The Witch (2015)


Robert Eggers’ (the Tell-Tale Heart, 2008) movie is set in the early 1600’s with a new England farming family, headed by the farmer husband and father (Ralph Ineson, Intruders, 2011), a man of strong religious views, are banished, for religious reasons from the community they live in.  Needing to build a new life for the family, they settle down a couple of days away from the town and build a new existence for themselves. Life is hard and the family is struggling to make an income in the harsh New England countryside.

As hard as life is, it still goes on. Each member of the family has their position and duties accordingly. And this is where the film works. The movie draws on the folklore of ththe-witche early New England settlers as they came to terms with the new land, the strange surroundings and the natural fears and superstitions of life at this time.

There is an under lying tension within the family, As the father and mother (Kate Dickie, Red Road 2006) struggle to make a success of their little farmstead, the children also have responsibilities and duties. It is to this background that things start to happen. The two oldest children are of an age where the tensions of hormonal changes are coming into play, most especially for the son, who is becoming aware of himself, so to speak. One day while taking care of the youngest child, the oldest, Thomasin, (Anya Taylor-Joy, Viking Quest, 2015) loses her, but only after taunting the middle daughter, Mercy (about witches and saying she was one). This of course leads to all sorts of implications. The Son, Caleb (Harvey Scrimshaw, Oranges and Sunshine, 2010, a person who could have a bright future ahead of him) is caught in the middle of this and goes to find his little sister, only to make things worse.

The days following the disappearance of the child are tense ones, made all the more tense by the otherwise mundane arguments and struggles of life, which are blown-up in the tensions of the struggles.  Eventually things are said and accusations are made, Did Thomasin do something to her little sister, did an animal take her or did the [ubiquitous] with in the woods take her?

As we are drawn in to this struggle, the tension mounts, but then we are introduced to a new element, the witch herself, it turns out there is a witch in the woods, who might actually have taken the child.

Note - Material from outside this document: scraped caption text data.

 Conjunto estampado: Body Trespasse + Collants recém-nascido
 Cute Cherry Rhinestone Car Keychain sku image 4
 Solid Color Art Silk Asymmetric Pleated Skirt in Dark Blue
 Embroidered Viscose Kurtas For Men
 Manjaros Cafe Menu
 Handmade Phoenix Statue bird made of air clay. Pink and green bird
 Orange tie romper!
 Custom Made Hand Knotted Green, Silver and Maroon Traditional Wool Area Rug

Over the next while the presence of the witch is hinted at and explored at first, but then takes a larger part of the story-line, especially with the use of the family mail goat as a familiar, who might actually be the devil.  The last act or so of the film is an old fashioned blood and gore horror segment which needless to say culminates in the great showdown. This final denouement  (and yes any denouement should be final…) is to me the lessor event.  As the tensions in the household mounts and events begin to take their toll, the children are taken over and possessed, with young Caleb especially affected. This scene is one of the better ones of the film.

Now, let’s be clear; this is not the great horror movie people seem to think it is. It could have been, a nerve wrenching thriller playing on the fears and dangers hidden in the dark corners and damp ground, or it could have been an old fashioned horror with our heroes fighting the evil monster etc. Instead it tried to do both and so ultimately failed to succeed to the level it wanted. The acting by the younger actors in particular in first class, even if the character of the mother seemed a little over the top (more the character than the acting).

This is a good film, scoring a safe 3 stars, it could have been much more, if it decided to go one way or the other. Personally I would have liked a movie where we never say the protagonist, but only the fears, reactions and struggles of the family.